- _Work item_: Reproduce the data below line by line, from its first line to the line with "Exterior of a", both included, and nothing past that point.

(Brief descriptive captions)
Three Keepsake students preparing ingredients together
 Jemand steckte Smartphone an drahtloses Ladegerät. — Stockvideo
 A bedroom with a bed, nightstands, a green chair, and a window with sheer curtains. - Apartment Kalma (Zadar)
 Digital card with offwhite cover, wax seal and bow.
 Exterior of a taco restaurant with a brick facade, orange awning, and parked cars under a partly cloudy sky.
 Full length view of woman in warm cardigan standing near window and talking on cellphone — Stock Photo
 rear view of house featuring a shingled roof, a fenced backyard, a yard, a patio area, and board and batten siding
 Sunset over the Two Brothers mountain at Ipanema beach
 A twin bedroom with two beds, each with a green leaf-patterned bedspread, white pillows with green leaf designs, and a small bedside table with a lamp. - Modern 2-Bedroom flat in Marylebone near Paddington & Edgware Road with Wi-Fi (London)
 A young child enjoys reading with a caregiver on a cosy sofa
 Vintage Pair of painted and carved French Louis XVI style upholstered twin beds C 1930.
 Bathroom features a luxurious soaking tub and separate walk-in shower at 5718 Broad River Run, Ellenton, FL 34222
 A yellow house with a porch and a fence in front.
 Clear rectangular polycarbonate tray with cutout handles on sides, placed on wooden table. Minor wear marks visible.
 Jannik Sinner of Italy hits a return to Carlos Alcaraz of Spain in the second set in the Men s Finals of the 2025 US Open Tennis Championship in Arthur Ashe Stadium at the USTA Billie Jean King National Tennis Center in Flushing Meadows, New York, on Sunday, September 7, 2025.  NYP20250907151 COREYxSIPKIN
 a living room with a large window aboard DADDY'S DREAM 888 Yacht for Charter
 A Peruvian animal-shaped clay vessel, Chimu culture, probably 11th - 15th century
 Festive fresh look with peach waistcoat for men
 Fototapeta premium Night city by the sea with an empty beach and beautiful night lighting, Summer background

- _Output below_:
Three Keepsake students preparing ingredients together
 Jemand steckte Smartphone an drahtloses Ladegerät. — Stockvideo
 A bedroom with a bed, nightstands, a green chair, and a window with sheer curtains. - Apartment Kalma (Zadar)
 Digital card with offwhite cover, wax seal and bow.
 Exterior of a taco restaurant with a brick facade, orange awning, and parked cars under a partly cloudy sky.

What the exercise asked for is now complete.